● **Aim of the exercise**: In the entries below, find the line containing "7FARW1H50HE047722 2017 HONDA" and the line containing "MEZCO ONE 12 - PUNISHER (FEB 2027)". Copy those two lines and everything between them exactly, without the pictures.

● **Dataset extract**:
^^^^^^^^

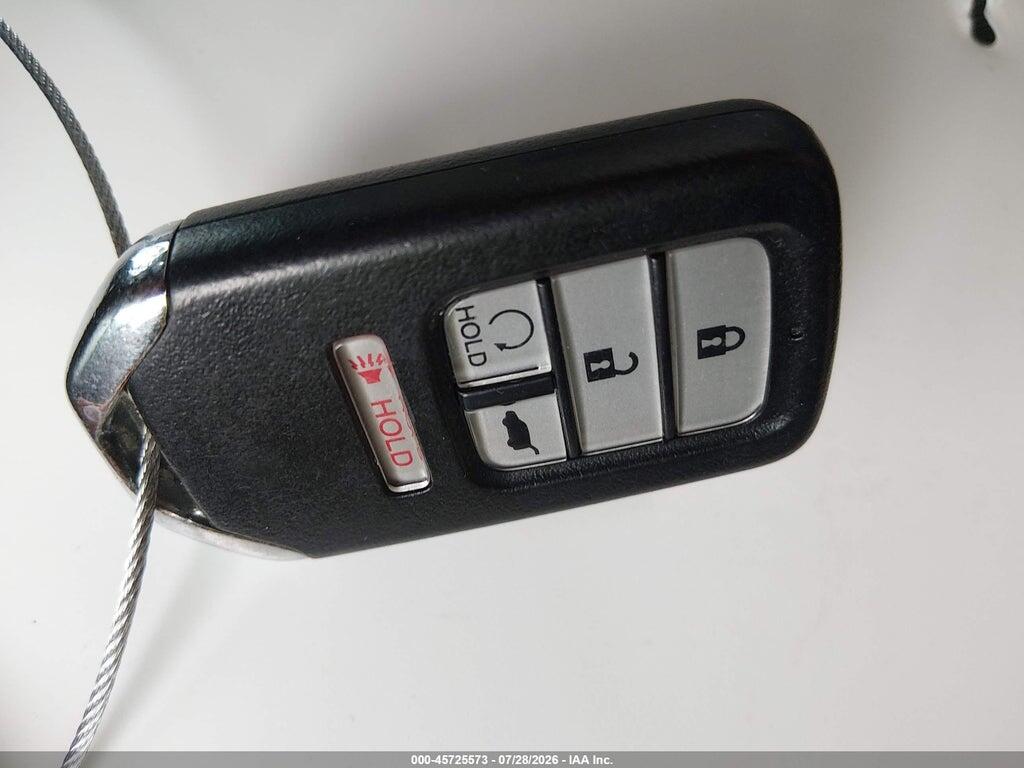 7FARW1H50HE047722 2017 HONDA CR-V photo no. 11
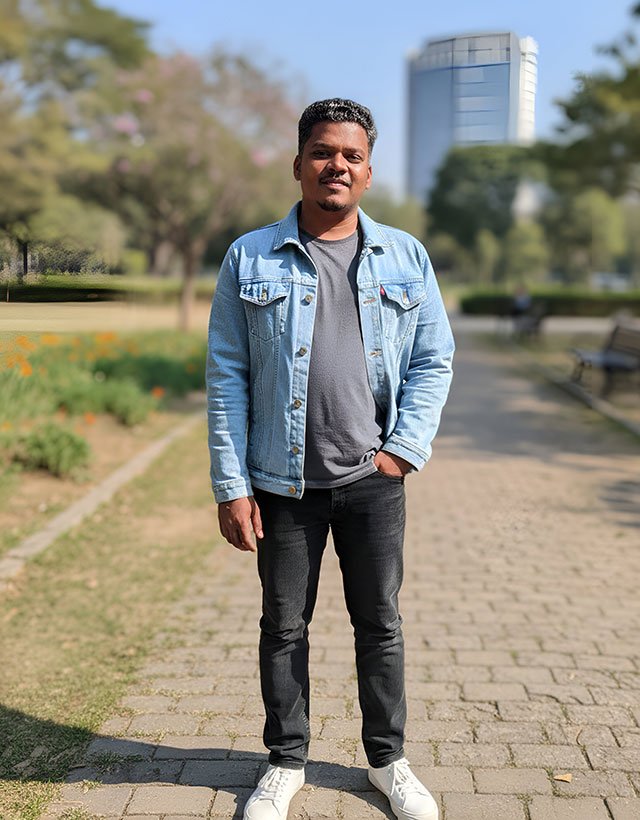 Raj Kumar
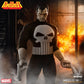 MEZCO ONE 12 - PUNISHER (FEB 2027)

^^^^^^^^

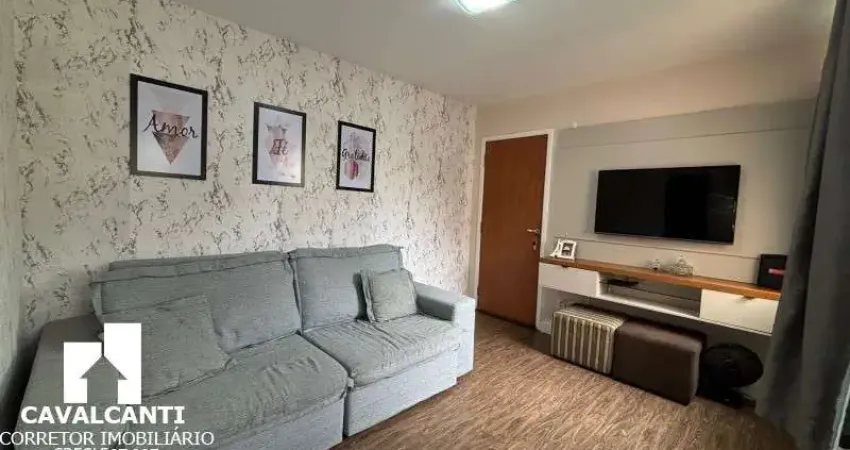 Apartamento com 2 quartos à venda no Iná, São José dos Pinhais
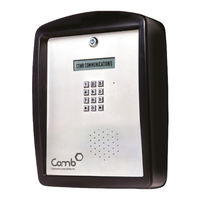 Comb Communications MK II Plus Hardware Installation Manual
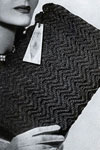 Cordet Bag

^^^^^^^^

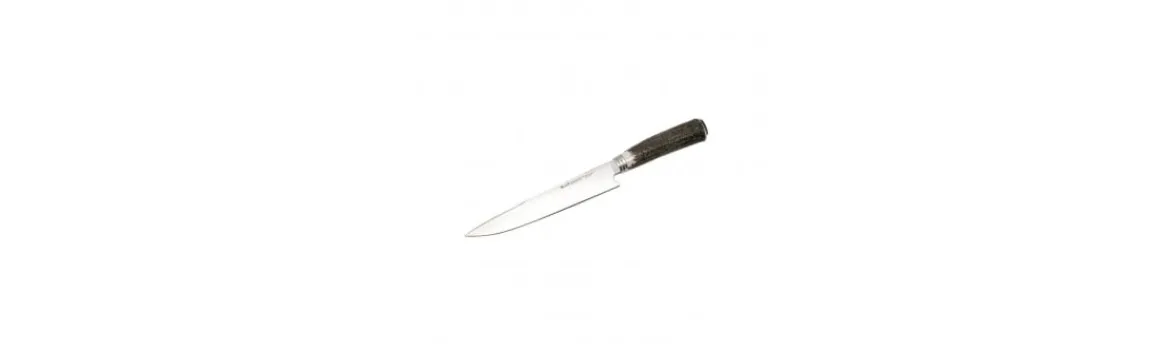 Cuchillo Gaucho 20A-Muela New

^^^^^^^^

● **Task solution**:
 7FARW1H50HE047722 2017 HONDA CR-V photo no. 11
 Raj Kumar
 MEZCO ONE 12 - PUNISHER (FEB 2027)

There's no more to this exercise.